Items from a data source
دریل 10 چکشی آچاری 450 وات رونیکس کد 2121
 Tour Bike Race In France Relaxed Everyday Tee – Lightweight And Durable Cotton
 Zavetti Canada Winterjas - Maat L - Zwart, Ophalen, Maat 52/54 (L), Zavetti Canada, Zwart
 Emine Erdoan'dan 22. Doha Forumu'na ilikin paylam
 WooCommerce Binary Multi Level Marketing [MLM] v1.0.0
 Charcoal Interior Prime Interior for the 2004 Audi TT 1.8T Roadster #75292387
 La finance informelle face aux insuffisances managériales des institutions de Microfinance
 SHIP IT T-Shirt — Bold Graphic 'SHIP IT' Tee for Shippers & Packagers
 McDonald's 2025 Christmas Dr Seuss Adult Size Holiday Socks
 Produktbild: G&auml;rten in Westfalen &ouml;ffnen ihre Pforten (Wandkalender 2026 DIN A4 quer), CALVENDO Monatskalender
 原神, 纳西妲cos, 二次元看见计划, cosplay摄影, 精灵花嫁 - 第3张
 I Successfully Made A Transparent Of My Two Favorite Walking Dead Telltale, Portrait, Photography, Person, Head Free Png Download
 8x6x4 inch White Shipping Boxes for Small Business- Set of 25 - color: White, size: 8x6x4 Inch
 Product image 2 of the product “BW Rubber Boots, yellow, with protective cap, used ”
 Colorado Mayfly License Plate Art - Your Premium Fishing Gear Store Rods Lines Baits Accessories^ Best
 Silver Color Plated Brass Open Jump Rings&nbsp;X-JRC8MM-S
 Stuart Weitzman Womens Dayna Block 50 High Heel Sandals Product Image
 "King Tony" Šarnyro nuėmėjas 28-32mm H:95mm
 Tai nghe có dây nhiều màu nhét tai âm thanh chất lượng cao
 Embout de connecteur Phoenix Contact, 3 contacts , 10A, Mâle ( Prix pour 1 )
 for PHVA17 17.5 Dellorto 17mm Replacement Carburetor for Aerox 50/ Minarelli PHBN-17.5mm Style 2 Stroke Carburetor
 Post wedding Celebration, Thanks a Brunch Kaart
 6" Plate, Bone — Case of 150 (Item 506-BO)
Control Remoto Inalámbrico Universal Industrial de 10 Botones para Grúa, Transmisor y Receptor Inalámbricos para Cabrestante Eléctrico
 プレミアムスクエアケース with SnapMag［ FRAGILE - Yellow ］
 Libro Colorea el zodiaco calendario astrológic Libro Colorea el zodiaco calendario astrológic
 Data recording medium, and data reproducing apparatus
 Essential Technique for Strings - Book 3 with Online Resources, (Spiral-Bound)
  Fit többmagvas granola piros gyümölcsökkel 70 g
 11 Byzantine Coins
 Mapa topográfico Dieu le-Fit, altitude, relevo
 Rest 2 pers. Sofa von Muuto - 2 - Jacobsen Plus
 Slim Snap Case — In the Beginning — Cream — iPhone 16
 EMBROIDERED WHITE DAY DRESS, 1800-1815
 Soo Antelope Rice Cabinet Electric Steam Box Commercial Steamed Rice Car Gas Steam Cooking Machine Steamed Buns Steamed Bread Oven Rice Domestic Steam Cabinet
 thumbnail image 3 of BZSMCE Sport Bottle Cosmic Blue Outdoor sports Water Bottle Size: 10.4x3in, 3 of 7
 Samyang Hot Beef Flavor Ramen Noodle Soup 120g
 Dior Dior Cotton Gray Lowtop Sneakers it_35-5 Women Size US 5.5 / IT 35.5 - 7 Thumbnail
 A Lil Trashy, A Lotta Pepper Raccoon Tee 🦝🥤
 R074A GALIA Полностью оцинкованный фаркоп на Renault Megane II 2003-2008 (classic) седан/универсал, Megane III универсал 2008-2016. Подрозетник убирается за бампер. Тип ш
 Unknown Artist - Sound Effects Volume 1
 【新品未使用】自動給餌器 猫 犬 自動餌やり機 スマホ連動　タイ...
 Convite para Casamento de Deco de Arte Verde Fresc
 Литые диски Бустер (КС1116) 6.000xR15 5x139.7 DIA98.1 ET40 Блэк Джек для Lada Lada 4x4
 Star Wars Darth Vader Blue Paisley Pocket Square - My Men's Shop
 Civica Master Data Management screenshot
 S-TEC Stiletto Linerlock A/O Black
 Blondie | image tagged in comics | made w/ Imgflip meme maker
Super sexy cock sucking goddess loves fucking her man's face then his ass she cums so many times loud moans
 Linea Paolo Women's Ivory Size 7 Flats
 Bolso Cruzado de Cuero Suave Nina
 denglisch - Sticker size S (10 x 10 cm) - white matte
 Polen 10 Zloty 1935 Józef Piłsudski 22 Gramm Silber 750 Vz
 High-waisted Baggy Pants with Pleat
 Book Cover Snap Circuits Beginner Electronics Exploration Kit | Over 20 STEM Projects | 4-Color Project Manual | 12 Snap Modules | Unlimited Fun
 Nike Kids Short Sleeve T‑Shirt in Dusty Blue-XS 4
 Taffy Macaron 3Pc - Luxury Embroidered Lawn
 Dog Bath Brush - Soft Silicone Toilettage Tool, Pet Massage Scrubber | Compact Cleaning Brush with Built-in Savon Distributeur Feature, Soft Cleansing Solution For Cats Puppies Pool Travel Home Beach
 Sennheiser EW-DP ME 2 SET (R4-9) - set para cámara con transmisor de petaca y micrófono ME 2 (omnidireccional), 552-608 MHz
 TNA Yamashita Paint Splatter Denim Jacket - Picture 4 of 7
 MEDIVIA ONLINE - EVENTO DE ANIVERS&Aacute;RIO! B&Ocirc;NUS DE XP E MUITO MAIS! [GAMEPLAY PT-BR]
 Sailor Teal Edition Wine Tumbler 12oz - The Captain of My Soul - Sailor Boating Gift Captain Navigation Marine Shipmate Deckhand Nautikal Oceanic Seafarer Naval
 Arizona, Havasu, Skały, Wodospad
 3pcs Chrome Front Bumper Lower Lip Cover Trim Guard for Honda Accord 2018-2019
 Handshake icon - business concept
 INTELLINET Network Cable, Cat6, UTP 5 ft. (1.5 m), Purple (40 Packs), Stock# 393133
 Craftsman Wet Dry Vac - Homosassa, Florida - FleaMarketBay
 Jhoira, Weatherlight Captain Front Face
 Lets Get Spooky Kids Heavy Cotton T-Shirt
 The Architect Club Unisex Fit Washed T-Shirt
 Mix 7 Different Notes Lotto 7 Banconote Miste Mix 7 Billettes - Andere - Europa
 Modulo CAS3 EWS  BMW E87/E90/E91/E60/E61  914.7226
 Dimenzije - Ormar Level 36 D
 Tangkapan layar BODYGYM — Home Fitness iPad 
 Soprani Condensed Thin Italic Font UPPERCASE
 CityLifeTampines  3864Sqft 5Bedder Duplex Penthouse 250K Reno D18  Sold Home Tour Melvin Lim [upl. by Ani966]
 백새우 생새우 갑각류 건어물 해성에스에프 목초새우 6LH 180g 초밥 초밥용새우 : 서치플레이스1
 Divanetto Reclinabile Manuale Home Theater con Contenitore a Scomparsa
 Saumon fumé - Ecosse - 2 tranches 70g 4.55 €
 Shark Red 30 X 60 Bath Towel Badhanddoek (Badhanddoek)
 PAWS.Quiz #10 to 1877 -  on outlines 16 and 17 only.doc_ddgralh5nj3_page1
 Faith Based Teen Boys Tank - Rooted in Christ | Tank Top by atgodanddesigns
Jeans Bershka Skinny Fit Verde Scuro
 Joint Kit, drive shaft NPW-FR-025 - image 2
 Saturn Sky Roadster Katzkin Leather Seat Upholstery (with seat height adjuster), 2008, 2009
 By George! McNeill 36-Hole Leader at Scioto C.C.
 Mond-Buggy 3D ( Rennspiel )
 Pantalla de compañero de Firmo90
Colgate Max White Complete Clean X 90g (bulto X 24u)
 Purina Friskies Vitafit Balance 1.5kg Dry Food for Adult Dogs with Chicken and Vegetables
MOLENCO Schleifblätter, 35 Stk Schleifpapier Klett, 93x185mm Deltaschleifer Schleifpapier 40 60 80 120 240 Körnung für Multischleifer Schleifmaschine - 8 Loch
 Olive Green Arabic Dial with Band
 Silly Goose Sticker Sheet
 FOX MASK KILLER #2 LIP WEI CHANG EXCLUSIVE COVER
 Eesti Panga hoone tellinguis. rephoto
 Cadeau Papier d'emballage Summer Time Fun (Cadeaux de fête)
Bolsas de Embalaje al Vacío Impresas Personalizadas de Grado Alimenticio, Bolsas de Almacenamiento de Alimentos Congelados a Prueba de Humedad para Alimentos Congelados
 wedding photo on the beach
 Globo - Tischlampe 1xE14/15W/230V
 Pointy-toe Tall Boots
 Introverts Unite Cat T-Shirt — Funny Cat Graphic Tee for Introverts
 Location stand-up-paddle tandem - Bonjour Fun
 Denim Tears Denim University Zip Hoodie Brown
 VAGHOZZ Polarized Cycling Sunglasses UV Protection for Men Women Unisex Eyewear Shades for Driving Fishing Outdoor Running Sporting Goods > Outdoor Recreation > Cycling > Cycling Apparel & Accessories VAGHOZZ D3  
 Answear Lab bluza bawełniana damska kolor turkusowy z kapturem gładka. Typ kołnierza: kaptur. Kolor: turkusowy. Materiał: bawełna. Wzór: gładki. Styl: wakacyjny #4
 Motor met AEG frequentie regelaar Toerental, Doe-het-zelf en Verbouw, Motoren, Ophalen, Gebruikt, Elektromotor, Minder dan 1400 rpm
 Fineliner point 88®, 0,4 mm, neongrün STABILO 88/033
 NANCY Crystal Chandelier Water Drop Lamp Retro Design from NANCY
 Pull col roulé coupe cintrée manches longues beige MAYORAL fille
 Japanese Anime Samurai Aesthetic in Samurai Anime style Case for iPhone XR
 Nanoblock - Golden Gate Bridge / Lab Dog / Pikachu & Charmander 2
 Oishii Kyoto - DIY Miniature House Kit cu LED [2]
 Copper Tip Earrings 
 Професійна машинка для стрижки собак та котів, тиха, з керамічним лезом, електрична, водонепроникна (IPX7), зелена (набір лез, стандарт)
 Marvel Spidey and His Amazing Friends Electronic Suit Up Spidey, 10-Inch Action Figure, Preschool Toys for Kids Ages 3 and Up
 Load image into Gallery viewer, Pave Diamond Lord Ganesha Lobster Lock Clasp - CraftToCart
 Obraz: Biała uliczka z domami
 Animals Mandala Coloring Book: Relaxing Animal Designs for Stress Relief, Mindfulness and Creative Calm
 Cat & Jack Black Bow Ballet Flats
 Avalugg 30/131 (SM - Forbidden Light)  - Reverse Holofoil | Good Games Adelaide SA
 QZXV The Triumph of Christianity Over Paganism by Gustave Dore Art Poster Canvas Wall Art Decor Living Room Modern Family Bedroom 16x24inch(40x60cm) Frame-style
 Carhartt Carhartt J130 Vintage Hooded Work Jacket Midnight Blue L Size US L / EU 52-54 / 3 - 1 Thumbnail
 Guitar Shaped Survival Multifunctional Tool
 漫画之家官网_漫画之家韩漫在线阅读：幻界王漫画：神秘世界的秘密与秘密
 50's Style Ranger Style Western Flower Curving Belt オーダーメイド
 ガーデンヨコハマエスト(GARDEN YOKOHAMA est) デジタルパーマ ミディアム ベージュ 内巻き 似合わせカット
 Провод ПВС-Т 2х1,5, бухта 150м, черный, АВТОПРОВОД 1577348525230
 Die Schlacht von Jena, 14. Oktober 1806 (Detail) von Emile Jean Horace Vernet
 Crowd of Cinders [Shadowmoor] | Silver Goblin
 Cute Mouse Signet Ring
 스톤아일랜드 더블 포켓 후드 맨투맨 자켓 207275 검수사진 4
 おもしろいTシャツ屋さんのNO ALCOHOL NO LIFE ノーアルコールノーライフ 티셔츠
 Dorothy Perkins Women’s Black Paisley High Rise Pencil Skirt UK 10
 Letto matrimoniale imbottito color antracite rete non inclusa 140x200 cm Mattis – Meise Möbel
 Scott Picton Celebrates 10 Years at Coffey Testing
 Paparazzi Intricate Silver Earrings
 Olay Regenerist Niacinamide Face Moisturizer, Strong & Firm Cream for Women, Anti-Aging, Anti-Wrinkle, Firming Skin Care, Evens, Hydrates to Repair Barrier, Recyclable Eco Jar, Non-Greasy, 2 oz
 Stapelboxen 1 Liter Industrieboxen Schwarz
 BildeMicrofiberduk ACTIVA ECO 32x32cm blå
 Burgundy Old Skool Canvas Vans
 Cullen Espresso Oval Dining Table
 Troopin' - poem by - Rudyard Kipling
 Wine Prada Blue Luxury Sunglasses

● Task item
Beginning at the line above with "Data recording medium, and" and finishing at the line with "Civica Master Data Management screenshot", return each line exactly and return nothing else.

● Answer space
 Data recording medium, and data reproducing apparatus
 Essential Technique for Strings - Book 3 with Online Resources, (Spiral-Bound)
  Fit többmagvas granola piros gyümölcsökkel 70 g
 11 Byzantine Coins
 Mapa topográfico Dieu le-Fit, altitude, relevo
 Rest 2 pers. Sofa von Muuto - 2 - Jacobsen Plus
 Slim Snap Case — In the Beginning — Cream — iPhone 16
 EMBROIDERED WHITE DAY DRESS, 1800-1815
 Soo Antelope Rice Cabinet Electric Steam Box Commercial Steamed Rice Car Gas Steam Cooking Machine Steamed Buns Steamed Bread Oven Rice Domestic Steam Cabinet
 thumbnail image 3 of BZSMCE Sport Bottle Cosmic Blue Outdoor sports Water Bottle Size: 10.4x3in, 3 of 7
 Samyang Hot Beef Flavor Ramen Noodle Soup 120g
 Dior Dior Cotton Gray Lowtop Sneakers it_35-5 Women Size US 5.5 / IT 35.5 - 7 Thumbnail
 A Lil Trashy, A Lotta Pepper Raccoon Tee 🦝🥤
 R074A GALIA Полностью оцинкованный фаркоп на Renault Megane II 2003-2008 (classic) седан/универсал, Megane III универсал 2008-2016. Подрозетник убирается за бампер. Тип ш
 Unknown Artist - Sound Effects Volume 1
 【新品未使用】自動給餌器 猫 犬 自動餌やり機 スマホ連動　タイ...
 Convite para Casamento de Deco de Arte Verde Fresc
 Литые диски Бустер (КС1116) 6.000xR15 5x139.7 DIA98.1 ET40 Блэк Джек для Lada Lada 4x4
 Star Wars Darth Vader Blue Paisley Pocket Square - My Men's Shop
 Civica Master Data Management screenshot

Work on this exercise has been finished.